→ Problem: Copy out exactly the stretch below, from the line with "ดัชนีชี้วัดความสุขคนไทย Thai Happiness" through the line with "服务器受到病毒攻击该怎么办", both included; the pictures stay out.
[Opening The records section]
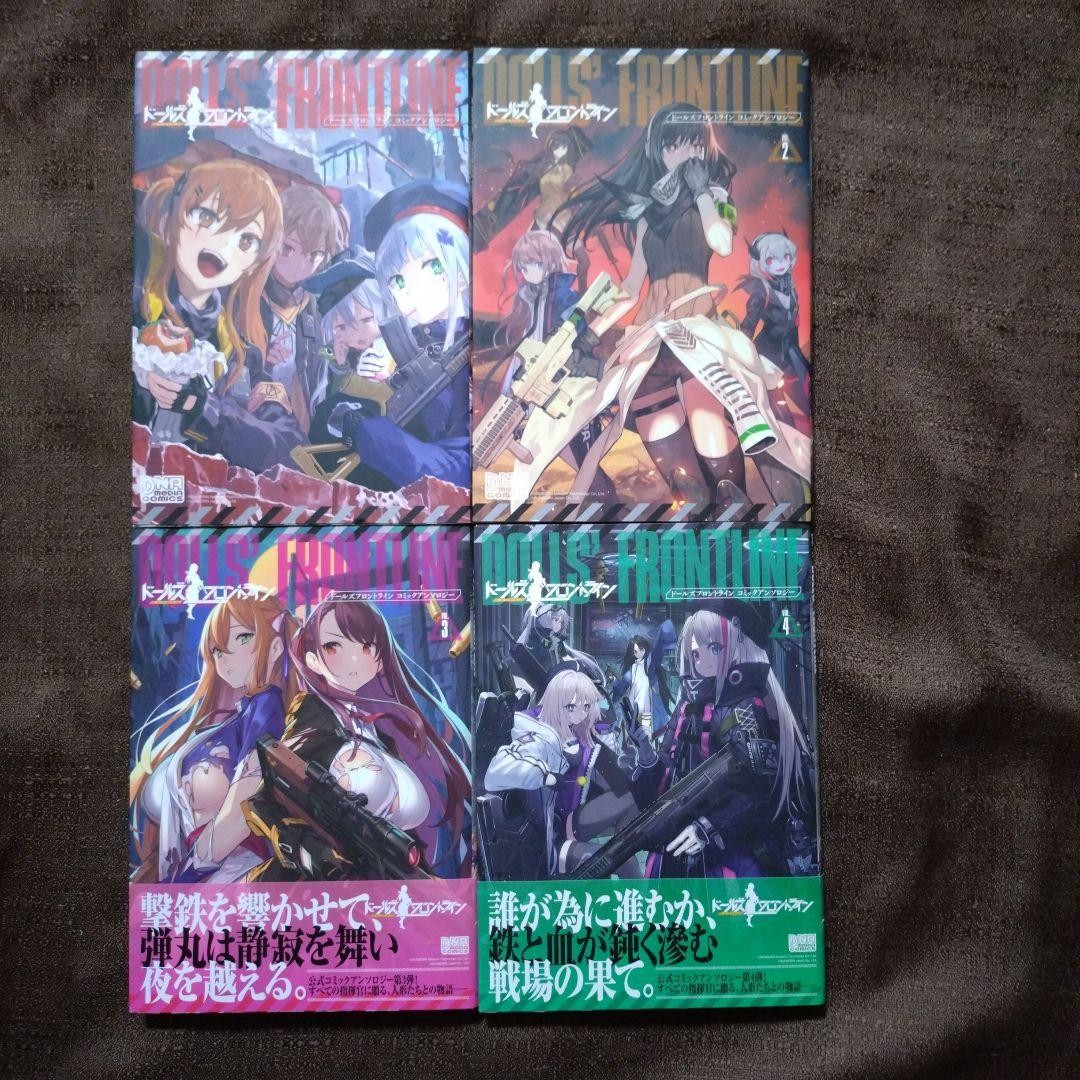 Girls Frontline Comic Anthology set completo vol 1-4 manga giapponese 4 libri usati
[Closing The records section]
[Opening The records section]
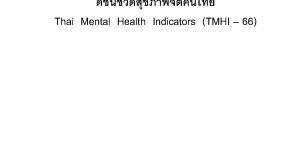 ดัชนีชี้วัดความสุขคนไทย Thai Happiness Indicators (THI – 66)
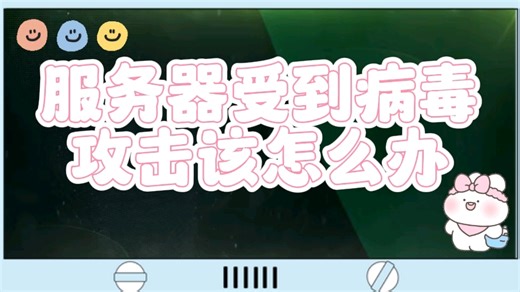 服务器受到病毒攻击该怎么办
[Closing The records section]
[Opening The records section]
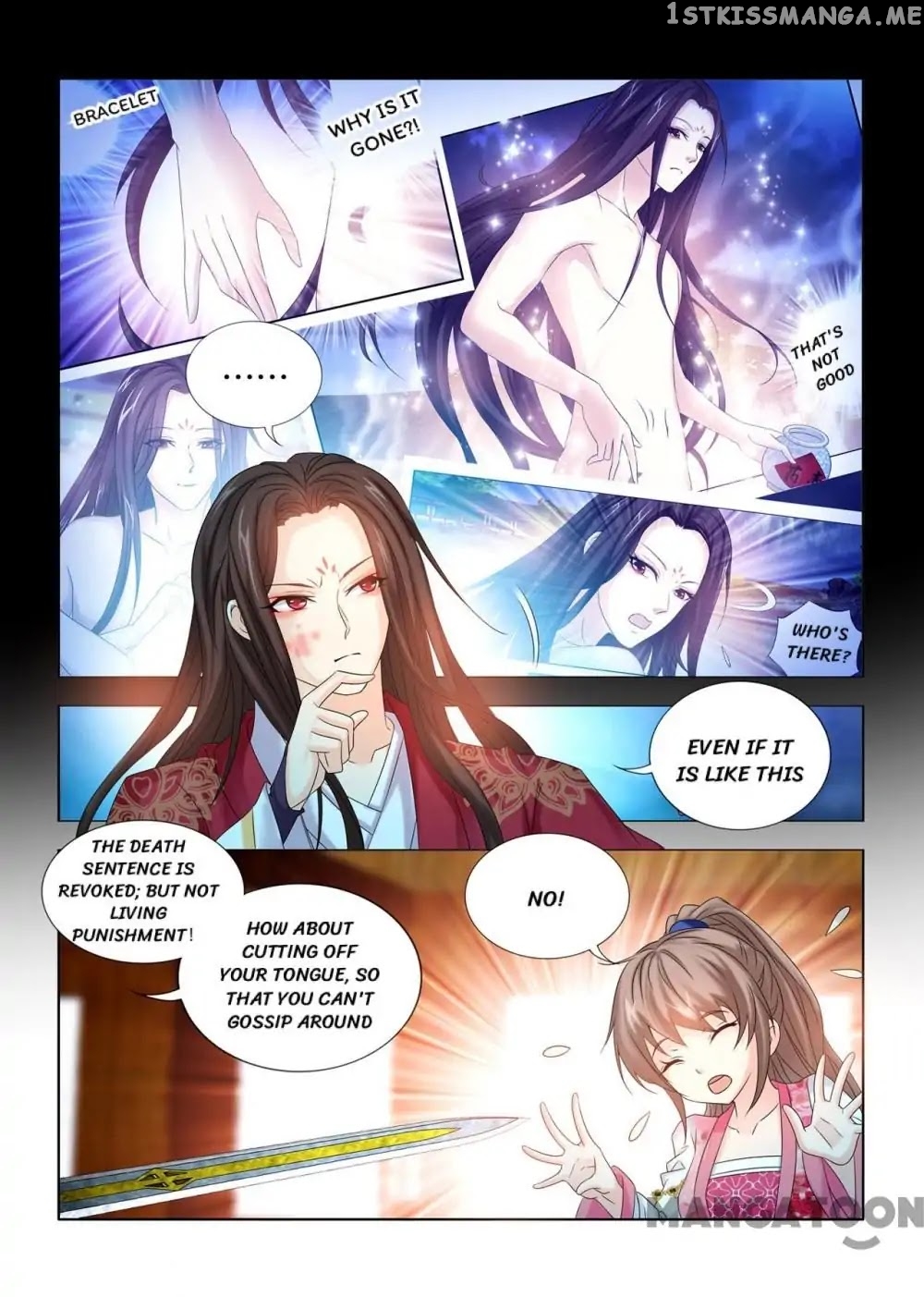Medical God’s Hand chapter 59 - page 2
[Closing The records section]
→ Response to the exercise:
 ดัชนีชี้วัดความสุขคนไทย Thai Happiness Indicators (THI – 66)
 服务器受到病毒攻击该怎么办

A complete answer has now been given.